Thursday, April 12, 2012

Writing Tip #5 What We Write

Writing Tip #5
What We Write

  So this is less a tip and more just something to think about.  This post has come about because of an online discussion that was started with some friends in an online writer’s form known as Nano Writer’s Mecca.  If you are not familiar with the NANO Writing forms I suggest you Google them and join (its free).
I have mentioned before that a good writer writes what he or she knows.  But here is what had us in a frenzied discussion.  How do we know what we know when we are writing what we know and how do we decide if we know it enough to write about it?

Yeah, mouthful.  But it’s a valid question for today’s writers.  How do we know what to write about?  How do we know our genre, know the standards for the genre and when we can “break the rules” for that genre and still be successful?

Old school thought tells us we know our genre because we are avid readers of the stuff.  People who write romance, read romance, people who write thrillers read thrillers and so on.  So we know the fundamentals because someone else laid them out and we followed.  So it begs to question, does this prevent the writers from creating new stories with new plots and new climaxes and new twisted ending for those readers who do not write?  If the standards have been set are they so strict as to restrict us from creating something new and exciting?

I mean think about it?  I use to like both reading and watching the James Bond stories by Ian Fleming.  I mean for the time they were the political, adventure, thrillers and the gadgets were pretty dang cool.  But after a while I stopped because I started to be able to predict the plot, to see the twist before it happened and really know the end before the end.  Reading and watching the same thing over and over is not really entertainment.  And besides, after Sean Connery the sex appeal kind of dropped away.
I think as a reader people are looking for something new, something that hasn’t been really done before, hence the success of JK Rowling and Harry Potter and Twilight fame of Stephenie Meyer.  I mean sure we all know the magic and vampire genres but these two ladies, artists, put a new twist and really shook off some of those “rules”.  Ms Meyer’s vampires are certainly not the embittered, monstrous murdering creature created by Stoker a century ago and yet it was Stoker who set the genre standards and those standards are what people learned before writing their own story.

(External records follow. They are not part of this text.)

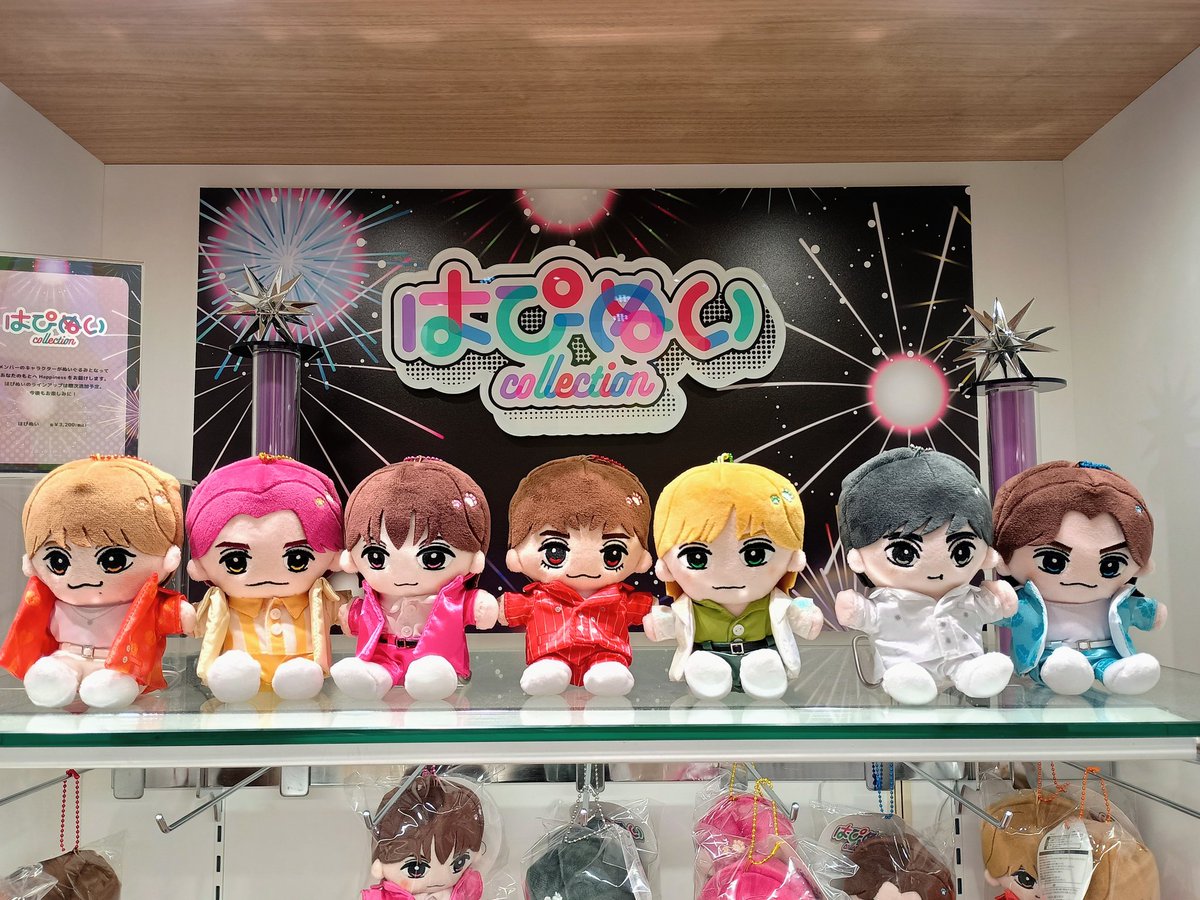 初めてのファミクラストア 見て選びたいと思って来た！ せっかくなら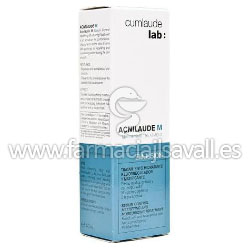 CUMLAUDELAB: ACNILAUDE M EMULSION 40 ML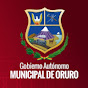 Gobierno Autónomo Municipal de Oruro
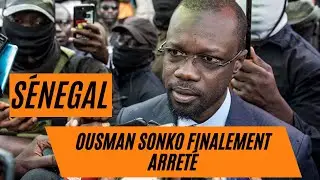 S&eacute;n&eacute;gal: Ousmane Sonko en d&eacute;tention, dissolution du Pastef, &eacute;xpulsion de Juan Branco avocat de Sonko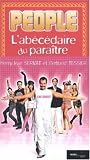 People : Labécédaire du paraître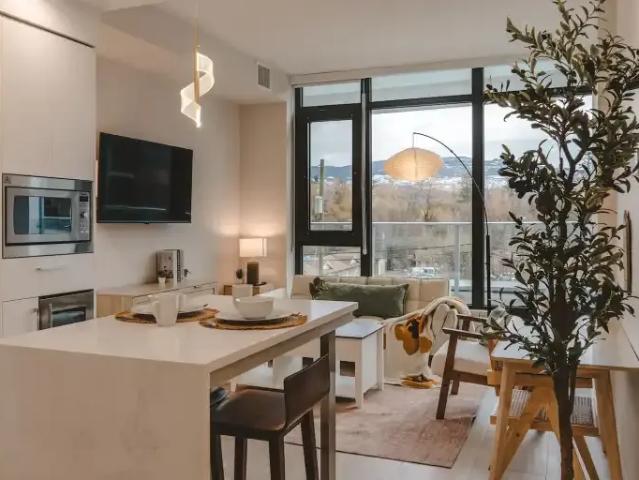 Condo for rent in Winfield, British Columbia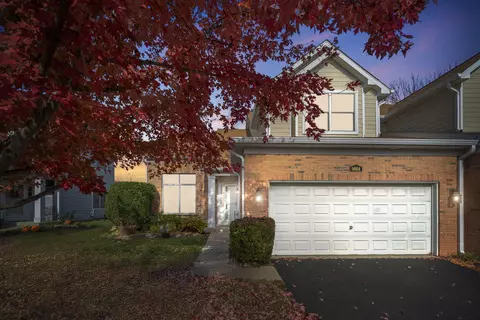 9004 Falcon Greens Dr, Village Of Lakewood, IL 60014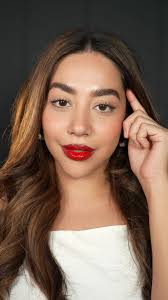 Los labios que resaltarán tu piel en esta temporada 💋 ! ORANGE RED LIPS,  son los labios que se verán increíbles en todos los tonos de piel y te  harán ver más bronceada y sexy! Sino sabes cómo usar ...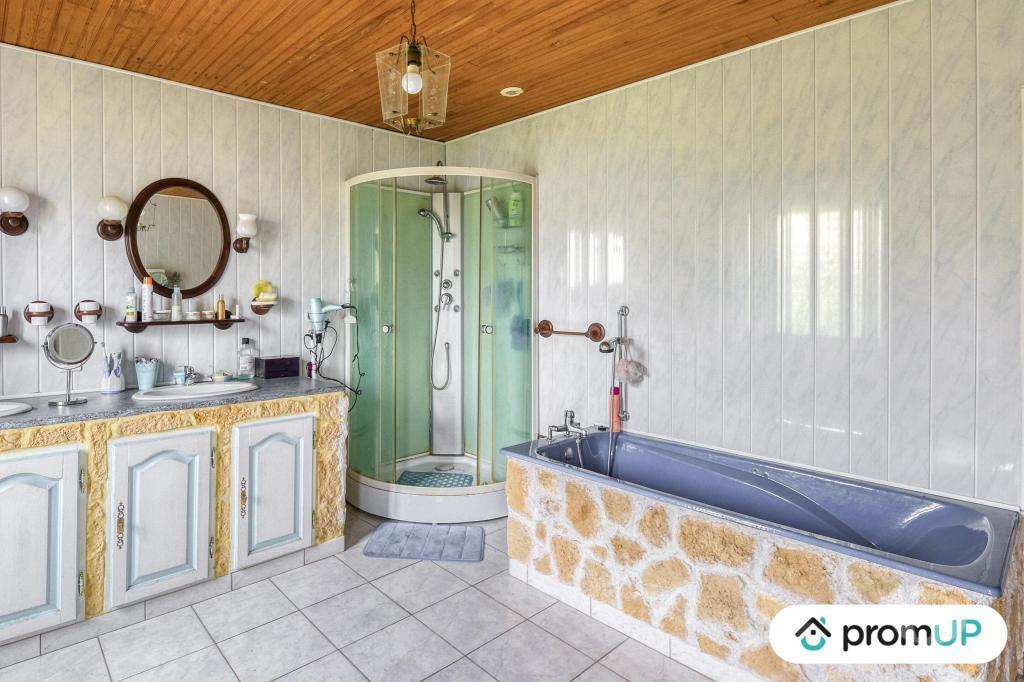 Vente Maison Gironde Castillon la Bataille - 33350 - Photos Vivastreet (VM1696) Maison de 275m2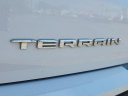 Thumbnail image of 2022 GMC Terrain at Davis Pre-owned
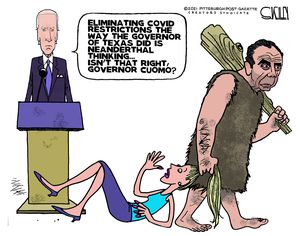 Cartoon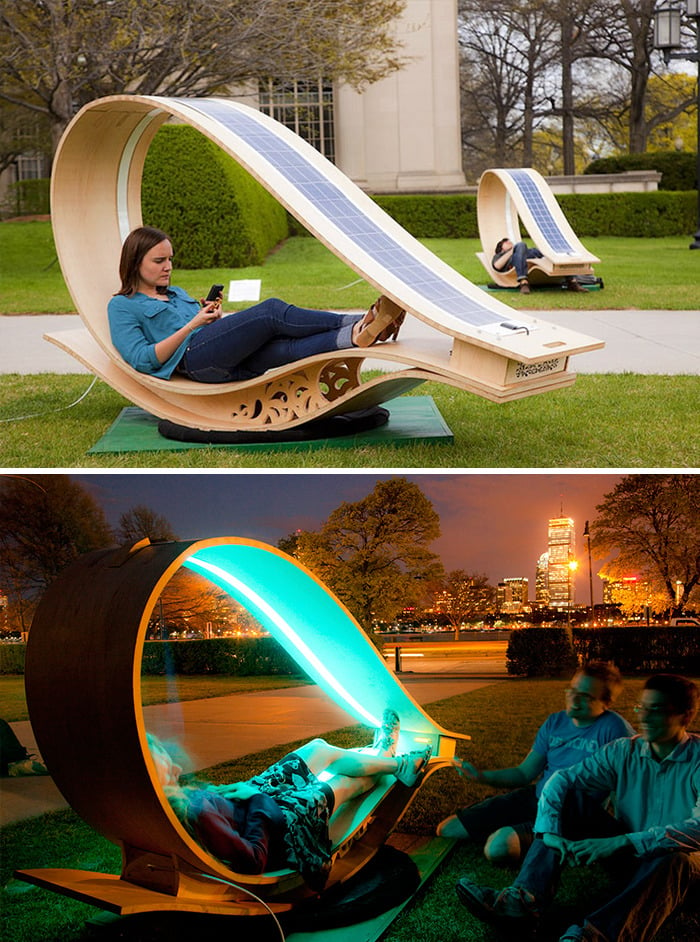 Bench design, benches, creative, design, furniture, seats, innovative, photography, art, amazing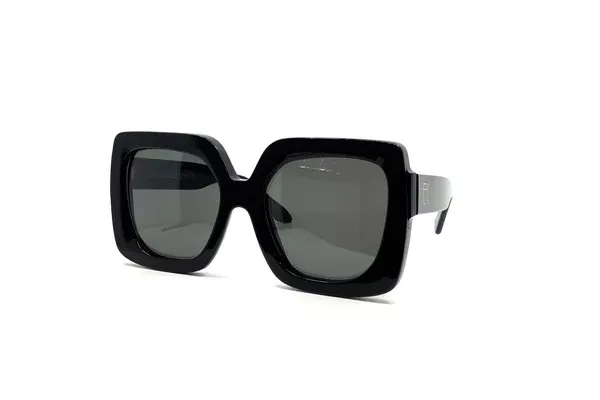 Emmanuelle Khanh - EK 5082 (Black)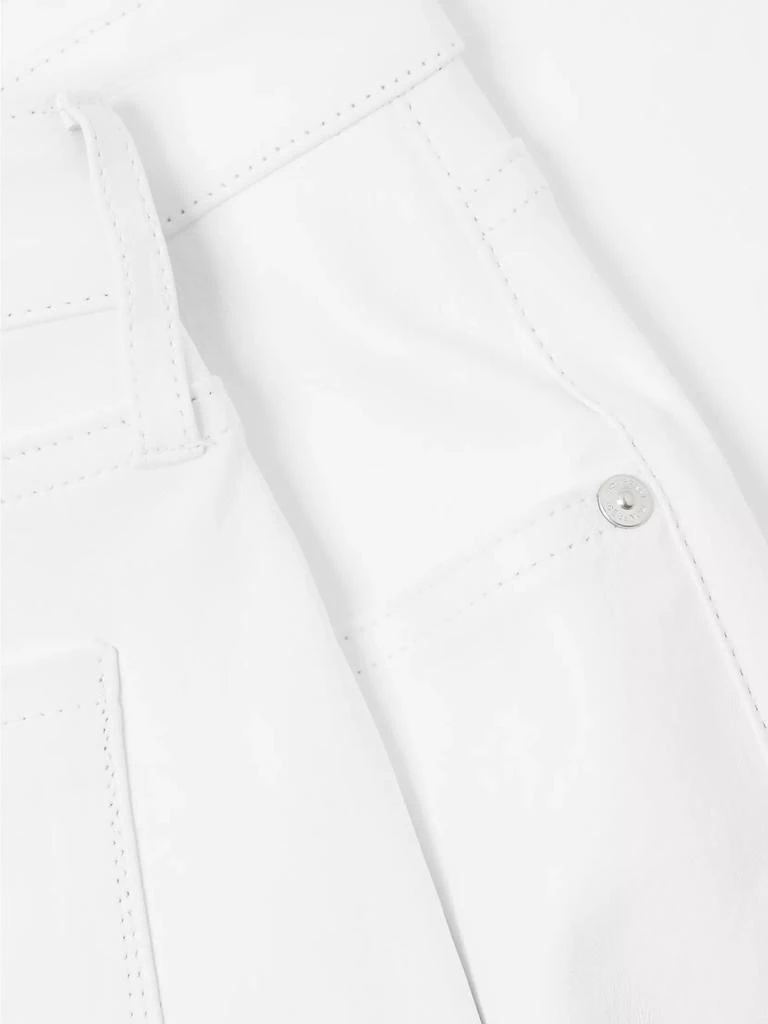 MONFRÈRE Clint Leather Pants 6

And to use myself as an example, I write romance, that’s just the genre.  I can sub categorize it five or six times but the genre is romance.  And yes I do on occasion read romance.  I read more when I was younger before I thought about writing it and certainly for the same reasons I stopped liking Bond I stopped liking romance.  It was predictable.  It was the reason I started to write, I wanted to do something new and different with a genre I enjoyed at one time.  But I learned quickly the industry didn’t want “new” they liked their standards.  So I said “Okay” and set aside the idea for a while.  I started reading what I now read most of the time nonfiction history books.  But I still really loved to write romance.  So I did I wrote the historic romance that I as a reader would have enjoyed and when the industry still said NO I said then I will do it some other way.  And of course with the technology age I have found the platform to take that next step.
With so many more inlets and roads available to writers now will genres have to accept changes to their standards?  I think they will.   I know longer think you will have to know what “rules” apply you will be able to paste together your own and define your voice through your writing.  But this doesn’t change the fact you will still have to KNOW what you write.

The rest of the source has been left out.